Contesa tra Washington e Pechino, Taiwan potrebbe determinare il destino dell’intero ordine internazionale.


Cenni storici

Taipei, la capitale che di fatto non esiste, è la principale città di un’isola chiamata Taiwan che si trova a circa 150 km dalle coste della Repubblica Popolare Cinese e che fa parte dell’alveo delle cosiddette tigri asiatiche ovverosia Corea del Sud, Singapore, Hong Kong e appunto Taiwan. Essi sono stati protagonisti dell’ascesa dei principali mercati del Sud-est asiatico nel corso del secolo scorso.
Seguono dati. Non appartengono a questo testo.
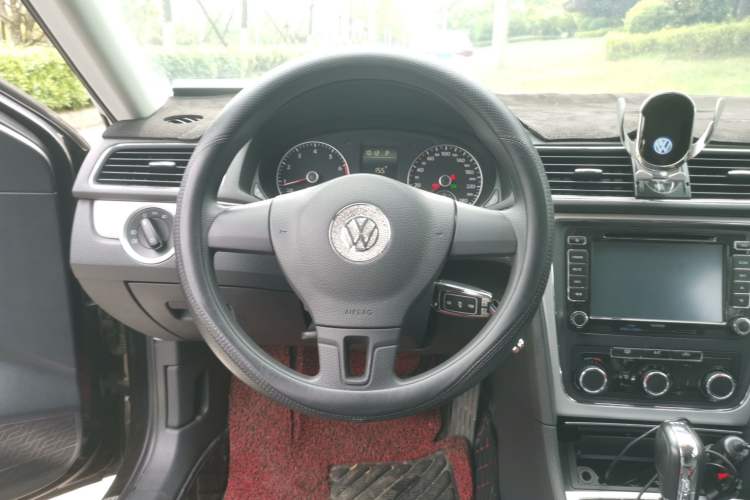 Used Volkswagen Passat 2013 1.8TSI DSG Government Procurement Edition Steering Wheel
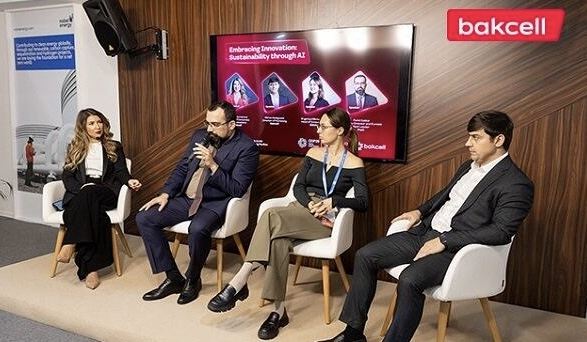 “Bakcell”in təşkilatçılığı ilə “Süni İntellektlə Dayanıqlılıq”... 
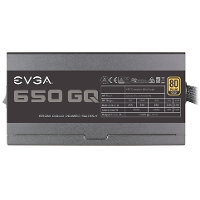 Gq 650 80+ Gold 650watt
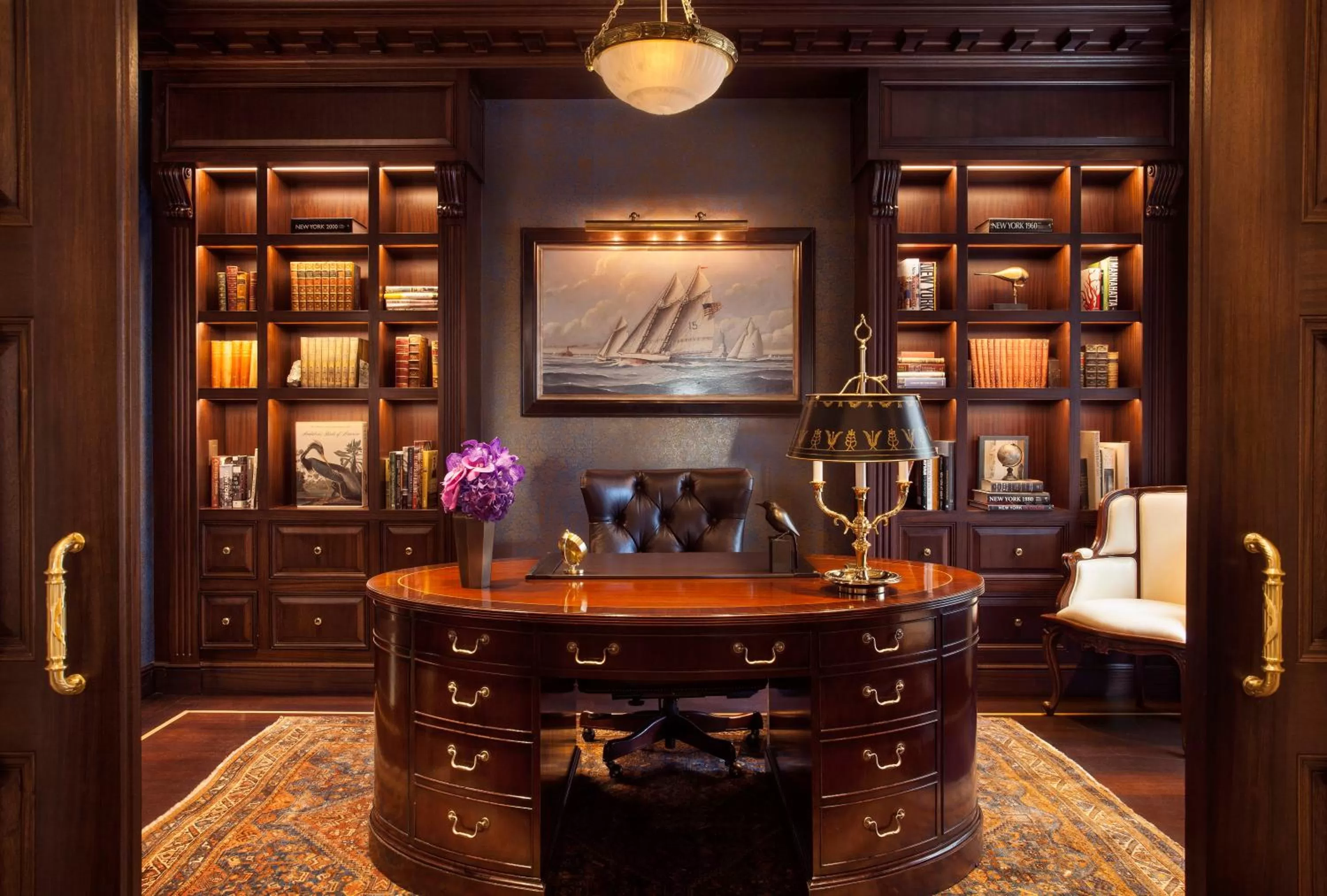 Photo of the whole room in InterContinental New York Barclay Hotel by IHG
Divenuta addirittura un possedimento giapponese nel corso della fine dell’Ottocento, Taiwan ha cominciato ad assumere rilevanza geopolitica nelle strategie del Dragone a partire dal 1949. In quell’anno i ribelli comunisti guidati da Mao Zedong espugnarono la Grande Cina che fino a quel momento era stata governata dal filo-statunitense Chiang Kai-shek. Quest’ultimo insieme ai nazionalisti del Kuomintang (il partito che governò la Cina nazionalista dopo la fine della dinastia imperiale Qing) si rifugiò sull’isola di Formosa credendo che l’unica Cina legittima fosse la sua ovverosia quella che da lì a poco avrebbe governato Taiwan. Oggi infatti il Kuomintang è uno dei principali partiti taiwanesi. Esso si è tuttavia distinto nel tempo per avere sostenuto il principio di una sola Cina rifiutando così la tanto discussa indipendenza taiwanese avallata invece dal Partito Progressista Democratico.[1]
Giunti sull’isola e ufficialmente in esilio i nazionalisti iniziarono una vera e propria epurazione per eliminare il sentimento anti cinese da parte degli autoctoni, i quali erano da poco stati abbindolati dalle fandonie giapponesi che si erano fatti portatori di un’idea per la quale l’etnia taiwanese fosse distinta da quella han. Il periodo del così chiamato “terrore bianco” durò oltre 38 anni, arco temporale in cui fu presente la legge marziale.[2] Tutto ciò avvenne sotto la protezione degli Stati Uniti che, in nome di una lotta globale al comunismo cominciata a partire dalla fine della seconda guerra mondiale, appoggiarono il neonato governo nazionalista e impedirono che il posto alle Nazioni Unite fosse occupato dai comunisti della Repubblica Popolare a vantaggio proprio dei nazionalisti esiliati. Questo diede vita di fatto a “due Cine”. La prima quella figlia della rivoluzione maoista con capitale Pechino che si è sviluppata sotto i dettami comunisti dopo aver posto fine al secolo dell’umiliazione durato dal 1849. La seconda invece, con capitale Taipei, che, dopo un periodo di repressioni causate dai nazionalisti, ha cominciato le riforme democratiche tra la fine degli anni Ottanta e l’inizio degli anni Novanta fino a quando nel 2000 ascese al potere finanche la prima presidenza anti KMT guidata da Chen Shui-bian.
Se da un lato molte tematiche attinenti ad esempio al ruolo della donna rimangono ancora oggi di stampo estremamente conservatore, dall’altro Taiwan ha imparato a distinguersi dagli altri paesi asiatici in termini di diritti umani come ad esempio quelli garantiti nei confronti delle persone omosessuali che possono legalmente sposarsi.[3] Emblematica differenza tra gli stili di vita della piccola Cina rispetto alla grande.
La fragilità a cui Taiwan è esposta in termini geopolitici è rappresentata dal numero esiguo di paesi che ne riconoscono l’indipendenza. Ad oggi solo 12 nazioni infatti si sono espresse favorevolmente a riguardo e tra essi non figurano grandi potenze. Riconoscere Taiwan infatti significherebbe inimicarsi la Repubblica Popolare e di conseguenza vedere cessare le relazioni economiche esistenti.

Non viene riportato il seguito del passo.